1. A coalescent composition comprising at least one glycol ether of the formula R1(O—CH2—CH(CH3))n—OH, wherein R1 is an alkyl group of at least 3 carbon atoms, and n has an average value of from 4 to 6, wherein n=4 for at least 60% by weight of the glycol ethers, and no more than 15% by weight of the glycol ethers have an n value of 3 or less.

2. The composition of claim 1 wherein n=4 for at least 70% by weight of the glycol ethers.

3. The composition of claim 1 wherein no more than 10% by weight of the glycol ethers have an n value of 3 or less.

4. The composition of claim 1 wherein tetrapropylene glycol n-butyl ether is at least 70% by weight of the glycol ethers.

5. The composition of claim 1 wherein R1 is butyl for at least one glycol ether.

6. The composition of claim 1 wherein R1 is n-butyl for at least one glycol ether.

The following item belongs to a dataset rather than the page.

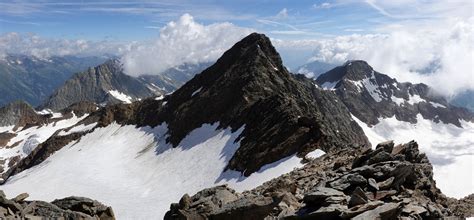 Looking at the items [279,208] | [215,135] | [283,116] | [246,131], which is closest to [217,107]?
[215,135]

7. An aqueous coating composition comprising:

(a) a polymeric binder;

(b) optionally, a pigment;

(c) water; and

(d) a coalescent composition of claim 1.

8. The composition of claim 7 wherein a coating prepared using the composition passes the requirements of French law decree 2011/321.

9. The composition of claim 7 wherein the binder comprises at least one of a pure acrylic binder and a styrene-acrylic binder.

10. The composition of claim 7 comprising at least one of (a) and opaque polymer particle, and (b) a polymer or polymers emulsion having a pigment bonded or adsorbed onto the surface of the polymer.